## Action item
Present the count of lines in the entries below that hold "online", and present nothing else.

## Records shown
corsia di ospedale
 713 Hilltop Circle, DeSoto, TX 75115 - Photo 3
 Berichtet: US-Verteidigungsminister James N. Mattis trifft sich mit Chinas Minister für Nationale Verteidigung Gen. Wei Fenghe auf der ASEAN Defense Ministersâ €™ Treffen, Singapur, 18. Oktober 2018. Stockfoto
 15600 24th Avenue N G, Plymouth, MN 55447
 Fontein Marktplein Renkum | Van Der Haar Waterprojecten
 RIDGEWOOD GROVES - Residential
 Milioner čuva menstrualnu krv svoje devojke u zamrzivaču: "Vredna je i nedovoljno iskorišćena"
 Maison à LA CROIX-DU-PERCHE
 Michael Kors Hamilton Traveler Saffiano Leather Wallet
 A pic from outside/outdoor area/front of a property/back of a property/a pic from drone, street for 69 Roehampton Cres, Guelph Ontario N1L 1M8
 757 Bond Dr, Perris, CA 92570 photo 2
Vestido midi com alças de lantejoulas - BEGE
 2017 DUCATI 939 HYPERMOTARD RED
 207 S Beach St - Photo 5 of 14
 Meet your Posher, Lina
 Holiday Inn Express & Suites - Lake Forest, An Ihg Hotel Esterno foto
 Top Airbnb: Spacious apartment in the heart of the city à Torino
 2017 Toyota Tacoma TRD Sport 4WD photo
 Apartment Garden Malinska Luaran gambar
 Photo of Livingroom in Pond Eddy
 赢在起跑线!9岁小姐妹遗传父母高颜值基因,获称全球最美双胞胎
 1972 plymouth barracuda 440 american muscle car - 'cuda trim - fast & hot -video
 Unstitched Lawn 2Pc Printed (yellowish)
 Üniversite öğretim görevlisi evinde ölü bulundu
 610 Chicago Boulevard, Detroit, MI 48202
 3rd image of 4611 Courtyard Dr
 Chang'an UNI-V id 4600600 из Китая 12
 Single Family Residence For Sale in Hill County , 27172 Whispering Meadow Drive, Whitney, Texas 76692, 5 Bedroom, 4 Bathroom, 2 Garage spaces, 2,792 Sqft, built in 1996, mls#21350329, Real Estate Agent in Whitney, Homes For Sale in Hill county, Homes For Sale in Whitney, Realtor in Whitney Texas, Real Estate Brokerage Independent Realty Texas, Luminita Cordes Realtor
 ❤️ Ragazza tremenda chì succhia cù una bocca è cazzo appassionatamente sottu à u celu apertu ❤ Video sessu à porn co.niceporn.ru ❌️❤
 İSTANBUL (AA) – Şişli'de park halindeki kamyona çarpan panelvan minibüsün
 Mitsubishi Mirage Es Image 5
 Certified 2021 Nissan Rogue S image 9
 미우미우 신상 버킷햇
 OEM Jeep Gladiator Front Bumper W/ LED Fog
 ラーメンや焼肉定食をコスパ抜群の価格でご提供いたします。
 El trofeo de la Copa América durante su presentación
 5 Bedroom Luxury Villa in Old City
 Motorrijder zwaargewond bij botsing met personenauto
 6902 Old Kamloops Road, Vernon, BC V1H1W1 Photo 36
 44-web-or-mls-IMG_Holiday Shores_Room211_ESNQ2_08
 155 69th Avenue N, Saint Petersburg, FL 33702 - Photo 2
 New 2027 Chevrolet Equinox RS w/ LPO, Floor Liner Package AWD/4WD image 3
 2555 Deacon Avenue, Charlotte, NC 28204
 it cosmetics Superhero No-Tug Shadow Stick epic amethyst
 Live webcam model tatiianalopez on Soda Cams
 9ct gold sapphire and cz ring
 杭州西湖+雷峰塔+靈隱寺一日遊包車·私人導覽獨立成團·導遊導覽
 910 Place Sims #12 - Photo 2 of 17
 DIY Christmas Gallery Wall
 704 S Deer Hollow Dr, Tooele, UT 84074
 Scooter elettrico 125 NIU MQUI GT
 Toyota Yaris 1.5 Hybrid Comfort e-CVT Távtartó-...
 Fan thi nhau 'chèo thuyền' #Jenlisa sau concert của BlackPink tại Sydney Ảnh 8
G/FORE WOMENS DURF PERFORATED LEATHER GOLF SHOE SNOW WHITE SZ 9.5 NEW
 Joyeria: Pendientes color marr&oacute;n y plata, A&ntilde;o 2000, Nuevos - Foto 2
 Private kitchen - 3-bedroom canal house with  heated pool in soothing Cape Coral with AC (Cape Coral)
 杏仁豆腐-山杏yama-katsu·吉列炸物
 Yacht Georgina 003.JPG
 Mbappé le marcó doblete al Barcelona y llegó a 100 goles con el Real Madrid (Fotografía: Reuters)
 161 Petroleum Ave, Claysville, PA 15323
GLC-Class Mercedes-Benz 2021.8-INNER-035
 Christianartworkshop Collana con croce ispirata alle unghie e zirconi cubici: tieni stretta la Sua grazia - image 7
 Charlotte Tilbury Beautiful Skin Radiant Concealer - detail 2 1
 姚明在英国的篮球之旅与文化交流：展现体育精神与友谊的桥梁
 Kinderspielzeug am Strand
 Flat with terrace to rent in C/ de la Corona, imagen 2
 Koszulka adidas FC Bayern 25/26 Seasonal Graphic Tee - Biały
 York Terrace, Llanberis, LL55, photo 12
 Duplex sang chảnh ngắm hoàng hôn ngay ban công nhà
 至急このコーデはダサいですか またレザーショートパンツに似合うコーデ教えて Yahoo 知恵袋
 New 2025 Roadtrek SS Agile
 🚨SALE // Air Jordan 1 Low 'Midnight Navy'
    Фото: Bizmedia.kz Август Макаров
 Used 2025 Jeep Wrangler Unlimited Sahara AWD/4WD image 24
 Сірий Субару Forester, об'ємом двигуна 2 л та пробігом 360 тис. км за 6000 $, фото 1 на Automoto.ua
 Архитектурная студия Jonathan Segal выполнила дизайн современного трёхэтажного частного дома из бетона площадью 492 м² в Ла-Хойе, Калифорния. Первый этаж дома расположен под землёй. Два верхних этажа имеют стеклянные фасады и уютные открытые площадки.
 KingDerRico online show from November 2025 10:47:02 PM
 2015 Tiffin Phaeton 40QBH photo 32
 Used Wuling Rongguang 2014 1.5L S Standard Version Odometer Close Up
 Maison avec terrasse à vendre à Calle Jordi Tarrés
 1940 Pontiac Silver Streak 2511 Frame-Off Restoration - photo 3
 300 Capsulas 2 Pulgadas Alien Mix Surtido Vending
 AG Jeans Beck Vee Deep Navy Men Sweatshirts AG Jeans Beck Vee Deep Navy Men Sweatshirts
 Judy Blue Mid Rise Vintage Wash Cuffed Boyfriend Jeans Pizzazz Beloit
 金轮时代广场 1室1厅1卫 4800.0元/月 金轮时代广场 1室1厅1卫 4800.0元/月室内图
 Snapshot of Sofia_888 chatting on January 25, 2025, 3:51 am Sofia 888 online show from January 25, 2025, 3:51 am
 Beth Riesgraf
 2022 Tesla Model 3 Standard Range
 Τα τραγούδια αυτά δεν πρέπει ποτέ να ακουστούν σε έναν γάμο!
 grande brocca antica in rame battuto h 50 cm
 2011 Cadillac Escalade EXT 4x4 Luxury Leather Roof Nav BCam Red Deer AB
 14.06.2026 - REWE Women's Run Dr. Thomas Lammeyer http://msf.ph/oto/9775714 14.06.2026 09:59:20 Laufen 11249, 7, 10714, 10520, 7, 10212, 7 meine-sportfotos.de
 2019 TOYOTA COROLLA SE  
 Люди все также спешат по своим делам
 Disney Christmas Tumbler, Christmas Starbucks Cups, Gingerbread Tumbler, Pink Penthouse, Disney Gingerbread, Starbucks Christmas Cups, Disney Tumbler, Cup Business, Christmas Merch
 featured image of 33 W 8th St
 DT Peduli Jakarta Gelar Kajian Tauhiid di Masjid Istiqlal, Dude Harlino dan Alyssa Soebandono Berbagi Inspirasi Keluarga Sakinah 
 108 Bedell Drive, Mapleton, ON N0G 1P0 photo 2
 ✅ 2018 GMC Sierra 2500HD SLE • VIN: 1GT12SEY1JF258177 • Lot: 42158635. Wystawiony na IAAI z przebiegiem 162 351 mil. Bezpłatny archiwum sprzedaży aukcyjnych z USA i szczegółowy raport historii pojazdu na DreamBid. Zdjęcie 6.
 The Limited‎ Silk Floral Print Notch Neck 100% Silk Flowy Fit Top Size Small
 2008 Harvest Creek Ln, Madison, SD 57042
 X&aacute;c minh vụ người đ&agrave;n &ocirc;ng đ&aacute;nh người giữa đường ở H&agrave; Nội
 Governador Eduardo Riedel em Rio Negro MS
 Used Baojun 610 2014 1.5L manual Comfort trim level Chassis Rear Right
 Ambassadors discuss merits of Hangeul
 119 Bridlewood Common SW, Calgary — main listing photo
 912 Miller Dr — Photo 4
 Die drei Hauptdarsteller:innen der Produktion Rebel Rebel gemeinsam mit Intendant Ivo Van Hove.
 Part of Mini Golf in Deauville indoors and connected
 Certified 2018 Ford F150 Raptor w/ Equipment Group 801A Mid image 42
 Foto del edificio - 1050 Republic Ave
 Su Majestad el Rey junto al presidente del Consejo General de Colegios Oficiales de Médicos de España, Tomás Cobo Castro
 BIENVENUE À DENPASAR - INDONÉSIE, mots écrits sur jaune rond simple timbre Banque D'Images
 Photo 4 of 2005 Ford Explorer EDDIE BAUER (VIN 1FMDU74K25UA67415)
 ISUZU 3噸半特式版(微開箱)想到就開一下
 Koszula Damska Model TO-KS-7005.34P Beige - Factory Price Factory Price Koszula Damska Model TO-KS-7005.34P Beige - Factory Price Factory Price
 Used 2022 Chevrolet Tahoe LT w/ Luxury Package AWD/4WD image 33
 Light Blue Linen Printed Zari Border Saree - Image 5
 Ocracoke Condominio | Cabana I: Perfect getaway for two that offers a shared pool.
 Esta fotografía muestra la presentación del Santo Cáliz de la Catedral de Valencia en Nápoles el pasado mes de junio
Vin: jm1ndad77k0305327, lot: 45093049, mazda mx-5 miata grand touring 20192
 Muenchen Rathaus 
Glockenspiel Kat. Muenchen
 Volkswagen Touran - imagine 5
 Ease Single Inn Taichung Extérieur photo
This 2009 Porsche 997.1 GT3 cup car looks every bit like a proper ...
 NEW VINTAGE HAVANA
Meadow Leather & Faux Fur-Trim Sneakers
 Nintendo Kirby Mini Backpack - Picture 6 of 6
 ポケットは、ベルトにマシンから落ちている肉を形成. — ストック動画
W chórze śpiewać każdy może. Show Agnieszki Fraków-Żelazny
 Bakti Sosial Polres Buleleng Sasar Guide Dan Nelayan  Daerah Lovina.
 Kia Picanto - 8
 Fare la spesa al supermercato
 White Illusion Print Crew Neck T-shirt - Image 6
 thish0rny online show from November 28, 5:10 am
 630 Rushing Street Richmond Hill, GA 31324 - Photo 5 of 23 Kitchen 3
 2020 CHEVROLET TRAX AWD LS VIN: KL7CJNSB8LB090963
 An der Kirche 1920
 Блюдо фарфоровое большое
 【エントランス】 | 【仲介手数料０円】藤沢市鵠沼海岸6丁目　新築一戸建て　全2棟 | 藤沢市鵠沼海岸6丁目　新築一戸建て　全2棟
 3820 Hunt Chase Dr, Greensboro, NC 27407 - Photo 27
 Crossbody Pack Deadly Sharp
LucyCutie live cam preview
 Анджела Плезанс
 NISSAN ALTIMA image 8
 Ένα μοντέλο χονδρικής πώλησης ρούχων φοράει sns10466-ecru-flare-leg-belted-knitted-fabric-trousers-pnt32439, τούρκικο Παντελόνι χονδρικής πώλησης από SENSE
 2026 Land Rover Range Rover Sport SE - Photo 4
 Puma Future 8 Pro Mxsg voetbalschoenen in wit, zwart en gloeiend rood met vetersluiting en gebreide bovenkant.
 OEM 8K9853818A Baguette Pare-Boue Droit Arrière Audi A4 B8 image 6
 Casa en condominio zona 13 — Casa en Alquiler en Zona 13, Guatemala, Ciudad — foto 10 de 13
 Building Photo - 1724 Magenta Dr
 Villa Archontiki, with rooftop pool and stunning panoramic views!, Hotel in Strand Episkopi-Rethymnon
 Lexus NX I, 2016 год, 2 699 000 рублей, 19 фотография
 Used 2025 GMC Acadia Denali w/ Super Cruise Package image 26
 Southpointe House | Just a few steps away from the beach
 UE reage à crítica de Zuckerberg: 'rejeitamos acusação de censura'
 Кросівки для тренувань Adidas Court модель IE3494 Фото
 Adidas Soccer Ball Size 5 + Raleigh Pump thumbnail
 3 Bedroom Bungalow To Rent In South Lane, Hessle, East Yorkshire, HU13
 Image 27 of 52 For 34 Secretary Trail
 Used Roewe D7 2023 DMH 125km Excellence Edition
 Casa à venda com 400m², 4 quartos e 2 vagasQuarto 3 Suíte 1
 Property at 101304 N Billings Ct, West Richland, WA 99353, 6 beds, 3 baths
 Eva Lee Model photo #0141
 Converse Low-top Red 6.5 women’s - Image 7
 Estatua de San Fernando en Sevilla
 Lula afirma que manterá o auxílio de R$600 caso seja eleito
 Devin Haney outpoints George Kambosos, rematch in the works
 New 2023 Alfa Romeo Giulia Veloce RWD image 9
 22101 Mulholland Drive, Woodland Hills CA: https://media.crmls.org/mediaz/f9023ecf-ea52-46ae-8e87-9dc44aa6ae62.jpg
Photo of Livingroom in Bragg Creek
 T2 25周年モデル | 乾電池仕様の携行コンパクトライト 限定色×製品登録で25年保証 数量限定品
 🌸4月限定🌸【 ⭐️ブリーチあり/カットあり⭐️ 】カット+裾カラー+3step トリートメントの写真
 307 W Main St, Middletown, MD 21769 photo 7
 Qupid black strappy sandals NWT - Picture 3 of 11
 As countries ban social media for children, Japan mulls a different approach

## Expected answer
3